Transparansi menjadi kunci agar revitalisasi benar-benar berpihak pada siswa. Informasi soal anggaran, standar teknis, dan jadwal proyek perlu diumumkan secara terbuka. Masyarakat berhak tahu sejauh mana dana besar itu digunakan.
Kritik pentingnya: laporan pemerintah cenderung menonjolkan angka dan keberhasilan, tetapi jarang membahas kendala di lapangan. Padahal, kendala itulah yang sering merugikan siswa. Dengan akuntabilitas yang kuat, setiap pihak akan terdorong untuk bekerja lebih profesional.

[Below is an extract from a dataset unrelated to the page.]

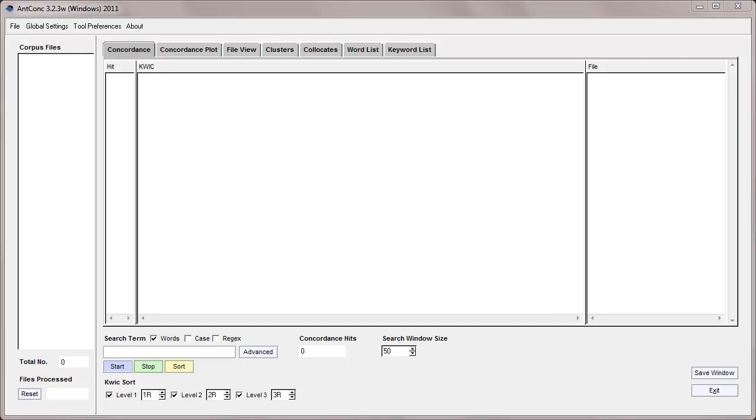Hello, this is Lawrence Anthony, and I'm going to give you a tutorial on how to use the AntConc concordance tool.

Refleksi terakhir: revitalisasi harus dipandang sebagai amanah, bukan sekadar proyek. Amanah itu menuntut kejujuran, keterbukaan, dan tanggung jawab agar pendidikan tidak menjadi korban.
Masyarakat Sebagai Pengawal Kritis
Revitalisasi sekolah bukan hanya urusan pemerintah, tetapi juga urusan masyarakat. Guru, orang tua, dan siswa perlu ikut mengawasi agar kualitas dan waktu pengerjaan terjamin. Sekolah adalah ruang publik, sehingga publik berhak menjaga dan mengawal proses pembangunannya.
Kritiknya, partisipasi masyarakat sering dianggap hanya sebatas seremonial peresmian. Padahal, keterlibatan sejak proses pengawasan akan memberi dampak jauh lebih besar. Dengan begitu, masyarakat tidak hanya menerima hasil, tetapi juga turut memastikan proses berjalan sehat.
Pesannya jelas, revitalisasi sekolah adalah tanggung jawab kolektif. Semua pihak perlu memastikan agar sekolah benar-benar menjadi rumah aman dan nyaman bagi anak-anak.
Penutup
Revitalisasi sekolah dengan anggaran Rp16,97 triliun patut diapresiasi, tetapi juga wajib diawasi dengan kritis. Standar bangunan harus dijaga, dan proyek tidak boleh molor hingga mengganggu aktivitas belajar. Pendidikan anak bangsa bukan proyek percobaan, melainkan investasi yang menuntut keseriusan penuh.
Sebagaimana ungkapan bijak, “Bangunan bisa berdiri megah, tetapi pendidikan akan runtuh bila tidak dilandasi tanggung jawab.” Mari kita kawal bersama agar revitalisasi sekolah benar-benar menjadi warisan berharga bagi generasi masa depan.